Years after his conquest of Mexico, Hernan Cortés returned to the royal court of Spain’s King Carlos V in 1528 bearing riches and an exotic chocolate drink made from cacao beans. Yet it was a simple object from the New World that truly mesmerized the Spanish conquistador’s fellow countrymen—a bouncy rubber ball.

The royal court sat spellbound as their darting eyes followed the gravity-defying rubber ball ricocheting between two teams of Aztecs demonstrating their indigenous game of ulama. Without using their hands or feet, the natives volleyed the ball back and forth with just their hips, knees and buttocks. The elastic orb pinballing between the players was nothing like the lifeless leather spheres filled with hair, feathers and air that the Europeans had used to play early versions of tennis, jai alai and football.
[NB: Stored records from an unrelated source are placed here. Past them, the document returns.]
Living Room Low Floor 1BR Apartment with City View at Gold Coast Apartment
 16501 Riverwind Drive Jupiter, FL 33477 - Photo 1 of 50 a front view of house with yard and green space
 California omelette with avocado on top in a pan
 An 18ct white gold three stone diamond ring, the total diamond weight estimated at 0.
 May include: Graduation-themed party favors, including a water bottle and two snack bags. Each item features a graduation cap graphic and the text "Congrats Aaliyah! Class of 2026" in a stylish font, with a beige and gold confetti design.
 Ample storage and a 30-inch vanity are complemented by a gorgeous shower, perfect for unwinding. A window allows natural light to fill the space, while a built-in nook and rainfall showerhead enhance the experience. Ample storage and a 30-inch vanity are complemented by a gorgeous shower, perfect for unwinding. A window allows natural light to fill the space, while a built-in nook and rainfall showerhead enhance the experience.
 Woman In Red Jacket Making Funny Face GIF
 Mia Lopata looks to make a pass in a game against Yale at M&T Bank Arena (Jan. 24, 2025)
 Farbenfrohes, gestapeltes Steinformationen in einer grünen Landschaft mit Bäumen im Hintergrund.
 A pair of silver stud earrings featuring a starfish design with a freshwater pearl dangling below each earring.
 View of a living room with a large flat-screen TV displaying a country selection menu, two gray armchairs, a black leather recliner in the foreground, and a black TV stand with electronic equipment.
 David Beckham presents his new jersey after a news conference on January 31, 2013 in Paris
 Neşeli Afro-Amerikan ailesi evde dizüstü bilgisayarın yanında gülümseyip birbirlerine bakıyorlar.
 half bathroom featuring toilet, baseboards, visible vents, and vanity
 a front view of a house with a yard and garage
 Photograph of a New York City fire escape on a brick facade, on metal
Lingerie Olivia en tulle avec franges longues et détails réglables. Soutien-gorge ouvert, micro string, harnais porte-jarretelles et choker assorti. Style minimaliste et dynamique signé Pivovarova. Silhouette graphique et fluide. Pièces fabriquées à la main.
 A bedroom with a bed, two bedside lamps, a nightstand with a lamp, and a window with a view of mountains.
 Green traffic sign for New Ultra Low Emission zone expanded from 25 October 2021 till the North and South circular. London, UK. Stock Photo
Little did the Spaniards transfixed by the ulama players and their kinetic ball realize they were witnessing a demonstration of one of the world’s oldest sports, which had originated more than 3,000 years earlier with the ancient Mesoamerican Olmecs, whose name translates in Nahuatl to “rubber people.” Archeologists working in Mexico and Central America have unearthed rubber balls dating back to 1600 B.C. as well as terra cotta figurines of ulama players from around 1200 B.C. Between Flagstaff, Arizona, in the north and Honduras in the south, archaeologists have discovered more than 1,500 ancient ulama ball courts used by the Olmecs and subsequent Mayan and Aztec civilizations.

Ulama ball courts featured narrow alleys flanked on the sides by sloping stone walls and wider end zones on each extremity. As author John Fox describes in “The Ball: Discovering the Object of the Game,” ulama was played under various rules in different regions and eras, but in general teams of up to seven players scored points when the opponent failed to return the ball as in tennis or if the ball was driven past an opponent’s end zone as in American football. Some ball courts also included vertical stone rings about 10 feet off the ground through which the ball could be struck to score points.

In some ulama games the stakes were truly high—and it had nothing to do with wagering. Playing fields were consecrated to the gods, and occasionally losers could be ritually decapitated as shown by reliefs at ball courts found at Chichen Itza and elsewhere that depict skulls and beheadings.

The Spanish, who increasingly viewed ulama as a heathen pastime, banned the sport in 1585. Today, ulama survives in only a few isolated pockets of rural Mexico, such as in the province of Sinaloa, but its legacy surrounds us. The rubber ball that captivated Europe five centuries ago continues to enthrall us. From tennis to basketball to soccer, rubber is an essential element of the balls used today to play the world’s major sports.